Well, I have some good news. Not only can I tell you how to stop being invisible, but I can give you some proven tips and tactics that will have the blogosphere buzzing about you in no time.
Let’s go back to where we last left off…
The Power of Class Clowns
We’ve established that valedictorians make lousy bloggers because they’re boring, and class clowns rule the blogosphere because they’ve become adept at getting noticed. But how do class clowns do it? And why are we so apt to pay attention to them in school?
In one word: value.
Very few teenagers actually want to go to school. They’d rather be playing video games, running around outside, tormenting their siblings, or any number of things. Not because they’re lazy, but because school is both overwhelming and boring. You spend the entire day learning stuff you don’t want to know.
After several hours of it, most students are desperate for a diversion. They’d rather put their attention anywhere than on the teacher or their books. Class clowns are simply the only ones brazen enough to oblige them.
Put another way, class clowns are doing nothing more than responding to a need of the people around them. They’re filling demand. And they are rewarded, not with money, but with the attention of their peers.
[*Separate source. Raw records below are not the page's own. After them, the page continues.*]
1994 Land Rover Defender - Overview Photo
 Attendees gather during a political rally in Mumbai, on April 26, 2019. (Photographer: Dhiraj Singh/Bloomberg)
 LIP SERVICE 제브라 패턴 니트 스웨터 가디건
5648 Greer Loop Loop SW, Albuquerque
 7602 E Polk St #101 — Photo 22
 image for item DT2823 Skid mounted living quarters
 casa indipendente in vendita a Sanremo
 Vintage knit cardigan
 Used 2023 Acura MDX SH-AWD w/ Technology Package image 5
Is it really so different than blogging?
Why People Read Blogs
People read blogs for lots of reasons. They might want to stay connected to a particular person, learn a valuable skill (like copywriting), or keep up with the news. But I’d argue there’s another reason that we as a community are hesitant to admit:
Blogs are a diversion.
Much like how we pay attention to the class clown to avoid boredom, blogs allow us to procrastinate, avoiding all of the other stuff we’re supposed to be doing. If you don’t believe me, look at the number of people who read blogs at work. Aren’t they supposed to be working?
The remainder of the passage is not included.